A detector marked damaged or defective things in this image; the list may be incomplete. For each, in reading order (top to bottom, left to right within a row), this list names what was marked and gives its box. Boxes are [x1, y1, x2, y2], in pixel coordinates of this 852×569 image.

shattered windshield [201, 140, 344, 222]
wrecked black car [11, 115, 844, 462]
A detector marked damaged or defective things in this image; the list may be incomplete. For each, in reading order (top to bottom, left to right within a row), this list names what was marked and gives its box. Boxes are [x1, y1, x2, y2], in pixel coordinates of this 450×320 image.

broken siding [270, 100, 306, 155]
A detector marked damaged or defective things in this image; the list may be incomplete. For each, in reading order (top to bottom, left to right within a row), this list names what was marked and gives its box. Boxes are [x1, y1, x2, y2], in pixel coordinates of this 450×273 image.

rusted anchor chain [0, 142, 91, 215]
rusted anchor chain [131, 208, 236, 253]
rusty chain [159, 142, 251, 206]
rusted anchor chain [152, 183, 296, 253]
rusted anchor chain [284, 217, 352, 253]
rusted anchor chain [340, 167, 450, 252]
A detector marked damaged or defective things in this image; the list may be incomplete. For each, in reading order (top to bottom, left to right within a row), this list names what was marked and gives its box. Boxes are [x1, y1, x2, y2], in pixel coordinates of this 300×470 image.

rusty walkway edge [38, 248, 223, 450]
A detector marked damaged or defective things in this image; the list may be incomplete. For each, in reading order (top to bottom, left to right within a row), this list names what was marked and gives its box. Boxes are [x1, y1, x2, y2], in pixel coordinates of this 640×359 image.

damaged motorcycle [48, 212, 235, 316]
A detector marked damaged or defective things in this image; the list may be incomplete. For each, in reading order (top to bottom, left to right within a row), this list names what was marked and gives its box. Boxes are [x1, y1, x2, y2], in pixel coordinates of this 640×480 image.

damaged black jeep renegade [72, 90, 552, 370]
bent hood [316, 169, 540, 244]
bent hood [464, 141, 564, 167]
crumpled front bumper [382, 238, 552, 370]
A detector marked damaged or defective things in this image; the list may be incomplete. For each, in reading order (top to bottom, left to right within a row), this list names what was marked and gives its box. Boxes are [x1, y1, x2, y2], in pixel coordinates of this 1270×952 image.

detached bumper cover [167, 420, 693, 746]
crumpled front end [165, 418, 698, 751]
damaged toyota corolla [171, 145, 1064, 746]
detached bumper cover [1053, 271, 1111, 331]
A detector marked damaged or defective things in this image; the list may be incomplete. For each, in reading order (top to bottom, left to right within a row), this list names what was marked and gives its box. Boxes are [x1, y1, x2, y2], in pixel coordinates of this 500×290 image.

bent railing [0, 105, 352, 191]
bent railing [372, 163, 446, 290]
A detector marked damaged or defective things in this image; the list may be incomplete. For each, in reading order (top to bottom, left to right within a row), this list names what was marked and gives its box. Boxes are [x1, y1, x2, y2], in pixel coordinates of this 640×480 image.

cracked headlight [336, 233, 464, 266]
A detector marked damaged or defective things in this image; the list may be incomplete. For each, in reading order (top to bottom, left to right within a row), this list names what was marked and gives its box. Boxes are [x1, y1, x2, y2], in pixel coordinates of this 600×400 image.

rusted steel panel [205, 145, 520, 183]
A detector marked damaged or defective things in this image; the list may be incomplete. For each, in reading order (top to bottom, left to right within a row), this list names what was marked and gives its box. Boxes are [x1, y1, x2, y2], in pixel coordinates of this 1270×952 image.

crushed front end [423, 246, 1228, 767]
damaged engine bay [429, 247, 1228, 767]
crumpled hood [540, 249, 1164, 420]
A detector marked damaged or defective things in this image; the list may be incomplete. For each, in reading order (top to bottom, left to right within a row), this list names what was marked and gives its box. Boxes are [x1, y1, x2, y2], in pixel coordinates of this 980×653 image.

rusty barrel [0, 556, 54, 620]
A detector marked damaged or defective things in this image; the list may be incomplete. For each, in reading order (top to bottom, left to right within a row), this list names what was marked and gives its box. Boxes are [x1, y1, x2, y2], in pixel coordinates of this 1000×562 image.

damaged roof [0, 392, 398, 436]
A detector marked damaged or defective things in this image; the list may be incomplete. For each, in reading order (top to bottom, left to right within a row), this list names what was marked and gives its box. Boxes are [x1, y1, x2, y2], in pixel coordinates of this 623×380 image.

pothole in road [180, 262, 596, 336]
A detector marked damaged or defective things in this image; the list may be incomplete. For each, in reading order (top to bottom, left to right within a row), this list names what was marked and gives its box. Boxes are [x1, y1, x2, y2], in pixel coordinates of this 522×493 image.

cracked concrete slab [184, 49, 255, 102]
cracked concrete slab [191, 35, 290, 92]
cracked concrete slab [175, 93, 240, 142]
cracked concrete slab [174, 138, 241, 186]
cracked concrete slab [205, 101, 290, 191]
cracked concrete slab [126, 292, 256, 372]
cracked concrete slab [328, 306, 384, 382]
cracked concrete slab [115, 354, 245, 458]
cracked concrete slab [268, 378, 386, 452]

**Task prompt:** Please let your answer be exactly the lines from the one holding "this 522×493 image." through the last line of the entries above, both ends included.

**Task output:**
A detector marked damaged or defective things in this image; the list may be incomplete. For each, in reading order (top to bottom, left to right within a row), this list names what was marked and gives its box. Boxes are [x1, y1, x2, y2], in pixel coordinates of this 522×493 image.

cracked concrete slab [184, 49, 255, 102]
cracked concrete slab [191, 35, 290, 92]
cracked concrete slab [175, 93, 240, 142]
cracked concrete slab [174, 138, 241, 186]
cracked concrete slab [205, 101, 290, 191]
cracked concrete slab [126, 292, 256, 372]
cracked concrete slab [328, 306, 384, 382]
cracked concrete slab [115, 354, 245, 458]
cracked concrete slab [268, 378, 386, 452]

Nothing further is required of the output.